_Supplied data:_
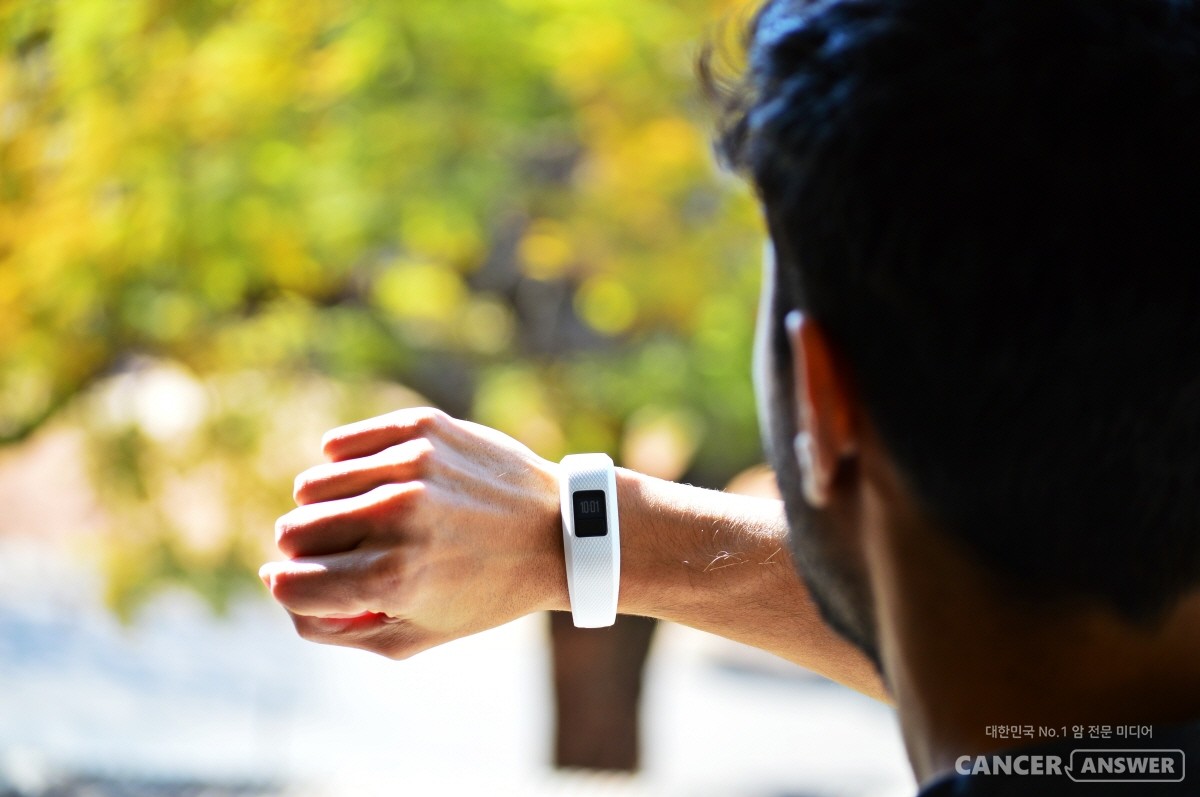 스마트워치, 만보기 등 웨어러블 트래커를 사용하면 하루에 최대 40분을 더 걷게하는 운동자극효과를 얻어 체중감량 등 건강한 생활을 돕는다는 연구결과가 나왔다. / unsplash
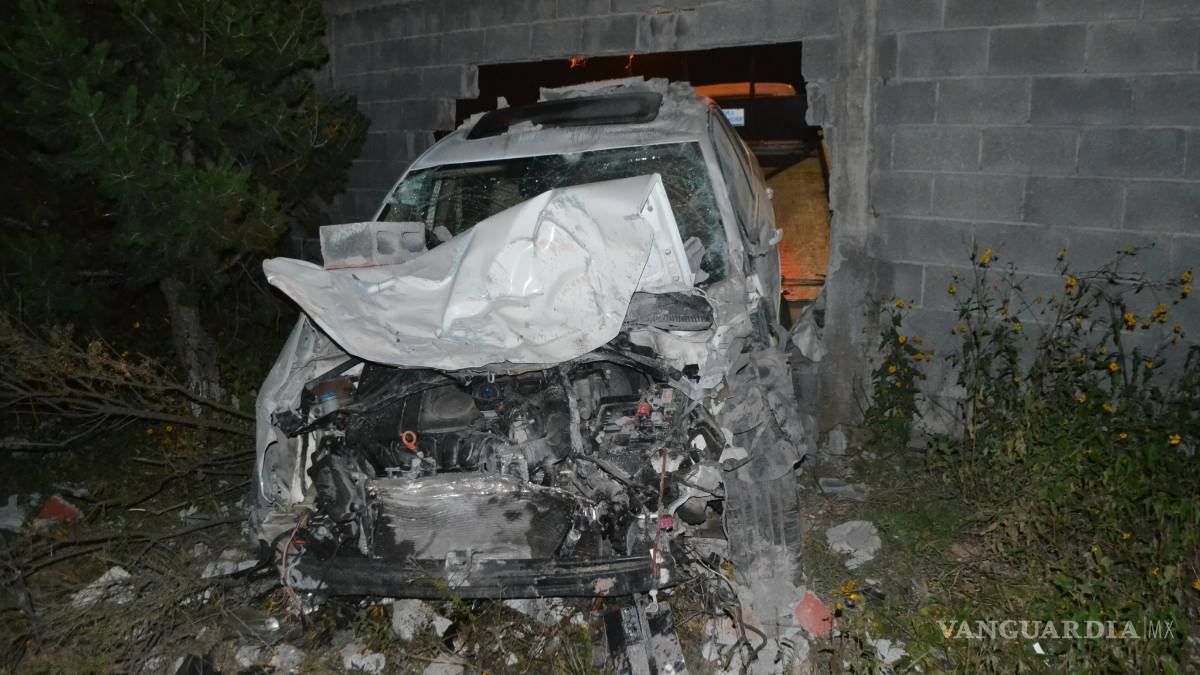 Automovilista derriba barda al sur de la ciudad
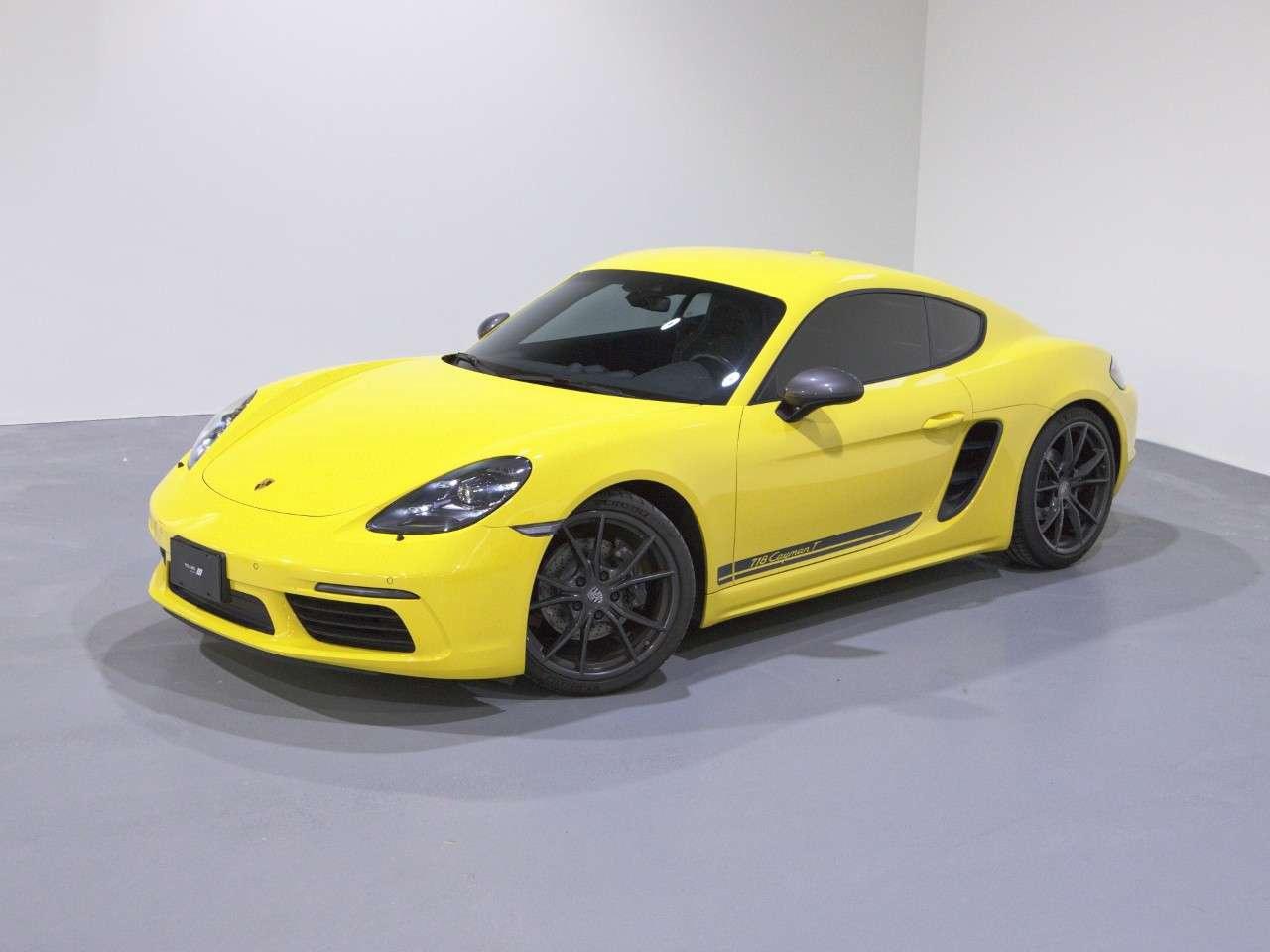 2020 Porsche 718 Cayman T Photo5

==

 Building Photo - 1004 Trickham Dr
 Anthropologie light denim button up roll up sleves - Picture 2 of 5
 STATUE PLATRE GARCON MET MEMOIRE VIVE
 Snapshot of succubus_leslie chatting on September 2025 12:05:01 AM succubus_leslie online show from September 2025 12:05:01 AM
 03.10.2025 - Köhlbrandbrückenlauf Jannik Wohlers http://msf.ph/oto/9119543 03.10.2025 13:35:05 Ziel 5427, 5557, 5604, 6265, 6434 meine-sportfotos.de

--

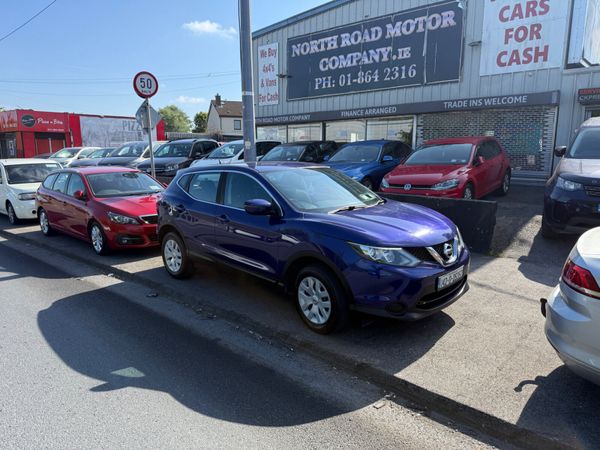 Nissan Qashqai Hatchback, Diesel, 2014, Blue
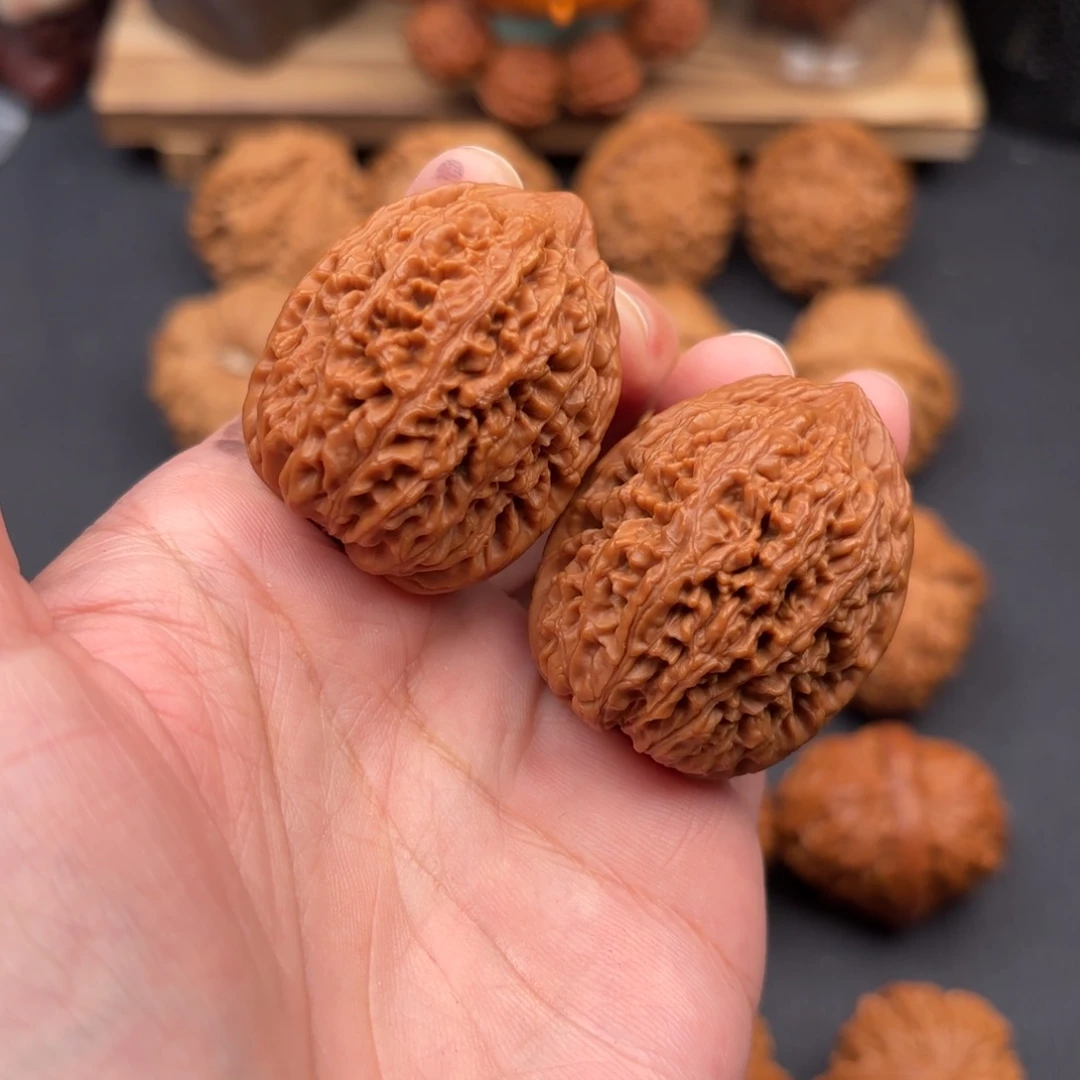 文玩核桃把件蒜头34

_Instructions for the task:_ The answer is those lines of the material above that run from the one containing "스마트워치, 만보기 등" up to and including the one containing "2020 Porsche 718 Cayman T Photo5", restated exactly and without images.

_Task answer:_
 스마트워치, 만보기 등 웨어러블 트래커를 사용하면 하루에 최대 40분을 더 걷게하는 운동자극효과를 얻어 체중감량 등 건강한 생활을 돕는다는 연구결과가 나왔다. / unsplash
 Automovilista derriba barda al sur de la ciudad
 2020 Porsche 718 Cayman T Photo5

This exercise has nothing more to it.